The beauty illuminates when the rich blues of the big sky contrast with the tans, dull greens and browns of the land below. This winter’s abnormally high rains have brought more colors to the desert floor as pinks, purples, oranges, yellows and reds dot the roadsides. The California desert wildflowers have been the rage this year, but if you haven’t been there yet, you have probably missed them.
HISTORICAL INTEREST (2/10)
A few mining and farming operations is it.
CROWDS (4/10)
This Park is a National Preserve which means, among other things, that far fewer rules apply than at National Parks. Most notable among the difference is that you can hunt in a National Preserve. We had planned to visit the Mojave N PRES back in October but the Ranger at their Baker VC advised us against it. We obliged. Hiking on public lands where people are legally shooting high-powered rifles is not our idea of fun. Crowds forced us to delay our trip for six months.
We should have expected a loud an unruly crowd at the Hole-in-the-Wall campground; enough people had suggested we stay elsewhere.
National Preserves are also unique in that people still live inside of them. Much of the land is still private property so be careful where you hike.
EASE OF USE/ACCESS (2/5)
You might know the Mojave N PRES as that desolate area to your right while you are stuck on Interstate 15 on your way to Las Vegas. The Preserve encompasses the expanse of land between Interstates 15 and 40 from Baker all the way east to the Nevada border. It is an area of land larger than Everglades NP. Death Valley NP and Yellowstone NP are the only Park Sites with more land.
Because the Park is wedged between two Interstates, access is possible. Las Vegas and Laughlin are less than 60 miles from a Park entrance. Mojave N PRES’ interior, however, can pose problems. Only about half of the roads are paved, and a few only accessible to experience ORVers.
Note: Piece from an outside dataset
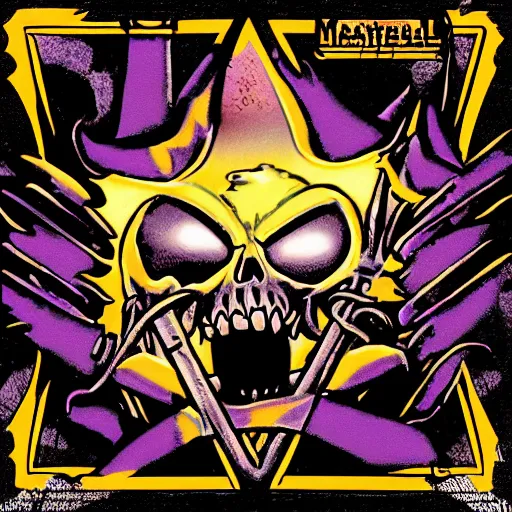 Image similar to undertale heavy metal album cover, album cover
There are also not many designated hiking trails. Cool if you want to explore, not cool if you are like us and need some guidance. According to the Park Newspaper, the Preserve has only five developed trails accessible via paved road. Three of those are less than a mile round trip. The six other trail routes the paper recommends must be accessed via 4x4.
We were very disappointed that the refurbished Kelso Depot is not yet open to the public. It was scheduled to open in late 2004 but still has not seen its first tourist.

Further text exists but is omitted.